Nunca conocí una persona tan generosa como Carmen. Con su tiempo, con su afecto, con su inteligencia y, claro está, con su dinero. Algunos de los escribidores a los que —literalmente— mantuvo, porque creía en su talento aunque sus libros tuvieran sólo un puñado de lectores, la traicionaron, y esas decepciones las encajaba con enorme elegancia, pero la hacían sufrir mucho. Se metía en la vida privada de sus autores sin el menor escrúpulo, y siempre para bien. Consolaba a viudos y viudas y, si hacía falta, les buscaba cónyuges de reemplazo; componía matrimonios y parejas, o, si era necesario, los liquidaba. Una vez se pasó toda una noche —sí, toda una noche— tratando de disuadir por teléfono a un editor neoyorquino que la llamó desde Manhattan para decirle que iba a suicidarse (fracasó en su empeño, porque ese mismo amanecer, después de colgar, éste se ahorcó en un poste del alumbrado eléctrico).
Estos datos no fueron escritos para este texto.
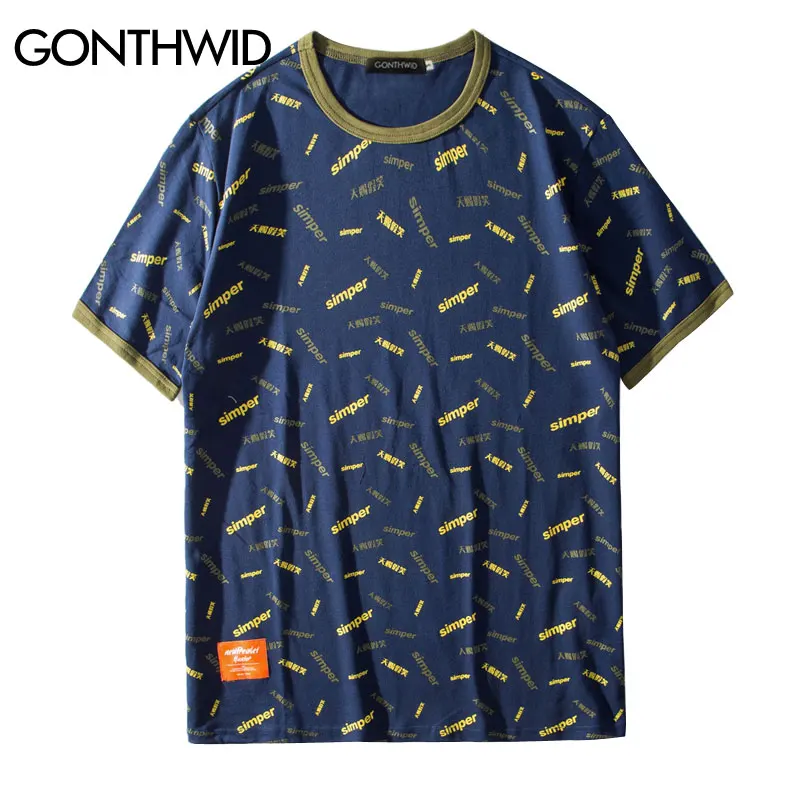 

GONTHWID Simper Chinese Characters Printed T Shirts Men Harajuku Casual Streetwear Tops Tees 2019 Male Fashion Hip Hop Tshirts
La tragedia de su vida fue la gordura. Hizo dietas, frecuentó clínicas —ella me llevó por primera vez a la Clínica Buchinger—, visitó a médicos de medio mundo, y varias veces llegó a bajar de peso. Pero nunca le duraba, porque, tarde o temprano, el apetito, esa tenia insaciable, la vencía, y volvía a engordar. Una noche hizo que se me helara la columna vertebral por la respuesta inesperada que me dio, cuando le conté que, no sé con qué motivo, me llevaron a La Zarzuela y me presentaron al rey Juan Carlos. Su Majestad, lo primero que me preguntó fue: “¿Cómo es esa famosa Carmen Balcells que, según dicen, recorre el mundo vendiendo a los autores españoles?”. “Ya ves, Carmen, te has vuelto famosísima”. Recuerdo su extraña mirada, la mueca de su cara, y la increíble frase, mascullada en voz muy baja: “¿Quieres que te confiese una cosa? Hubiera dado todo lo que he hecho y alcanzado por ser bonita, aunque fuera un solo día”. “¿Estás hablando en serio o me tomas el pelo?”. Entonces, aparentó que se reía: “Sí, sí, te lo juro, mi sueño fue siempre ser una mujer-objeto”.
Hace ya un buen número de años que toda clase de males se abatían sobre su cuerpo. Ella los combatía, con la pugnacidad y constancia con que seguía negociando los contratos. Conservaba la mente lúcida y la misma capacidad de trabajo de siempre; ya no podía caminar y tenía que meterse a clínicas y pasarse horas y días entre médicos. Pero todas las otras horas seguía manteniendo activa y pujante, con horarios enloquecidos que duraban a veces hasta el alba, esa oficina de la Diagonal de Barcelona, a la que tantos escribidores y editores y lectores debemos tanto.
El último día que la vi, la antevíspera de su muerte, estaba eufórica, llena de proyectos y de bromas. Pero —la visitaba luego de dos y medio o acaso tres meses— nunca la había visto tan acabada físicamente, con tanta dificultad para acomodarse en la sillita de ruedas, con esos súbitos ataques de tos, esa piel lívida, esas ojeras violáceas y el fruncimiento constante de la boca. Tuve entonces la seguridad de que era la última vez que la veía. Murió en su ley, resistiendo, combatiendo, sola en aquel dormitorio repleto de manuscritos que se había propuesto leer hasta el final. Nadie llenará nunca el vacío que deja en el oficio que inventó y llevó a unas alturas desconocidas hasta entonces. Y nadie podrá consolarnos nunca de la tristeza en que nos deja a los que la conocimos y quisimos.